# Returning Fry to Community Tank



## Joeee (Apr 3, 2010)

When can I return my guppy fry back with their parents? They're almost 1.5cm right now and they're beginning to get colour, the were born in the beginning of July I think.


----------



## arktixan (Mar 30, 2010)

I would assume once the fry is bigger than the adults mouth... but thats just me.


----------



## Joeee (Apr 3, 2010)

arktixan said:


> I would assume once the fry is bigger than the adults mouth... but thats just me.


I was thinking that too but when they were born, some of my shrimp which my guppies didn't go for were about the same size.


----------



## Peta2 (Jun 4, 2010)

I usually release my guppy fry into the main tank when they are 1-1.5 month old. Right now though, I have between 15 and 20 newborn fry swimming happily among adults. Maybe my fish just not hungry


----------



## Joeee (Apr 3, 2010)

Peta2 said:


> I usually release my guppy fry into the main tank when they are 1-1.5 month old. Right now though, I have between 15 and 20 newborn fry swimming happily among adults. Maybe my fish just not hungry


I read somewhere online 3 months, but that sounds ridiculously long for me. I guess I'll release them back in with their parents when they reach about 1.75cm.

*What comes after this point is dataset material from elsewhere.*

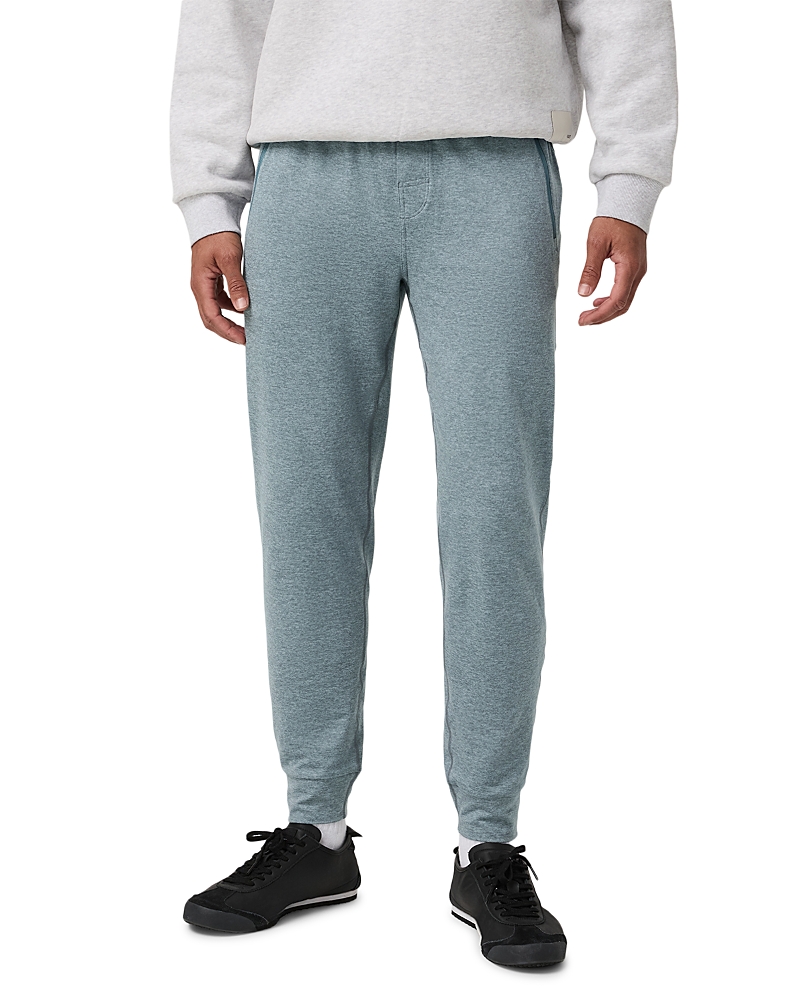 Vuori Ponto Performance Joggers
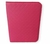 Revistero CARPETA POR PEDIDO - comprar online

After googling for a growth chart, I came upon a silly yahoo answers answer;

http://answers.yahoo.com/question/index?qid=20070409193647AA82QQd



> The water should be kept around mid 70's to 80 and LOTS of light! Average fish needs 10 hours per day to keep producing Vitamin D. Guppy fry need about 15 hours. Anything less than 12 will cause spine deformities. Water changes are also very important because of the amount of feedings.


Regular lights don't provide UVB which is used to create vitamin D3.


----------



## igor.kanshyn (Jan 14, 2010)

I suggest you to release two of small fishes into a main tank first. If they will be fine for several days, you can move all of them.


----------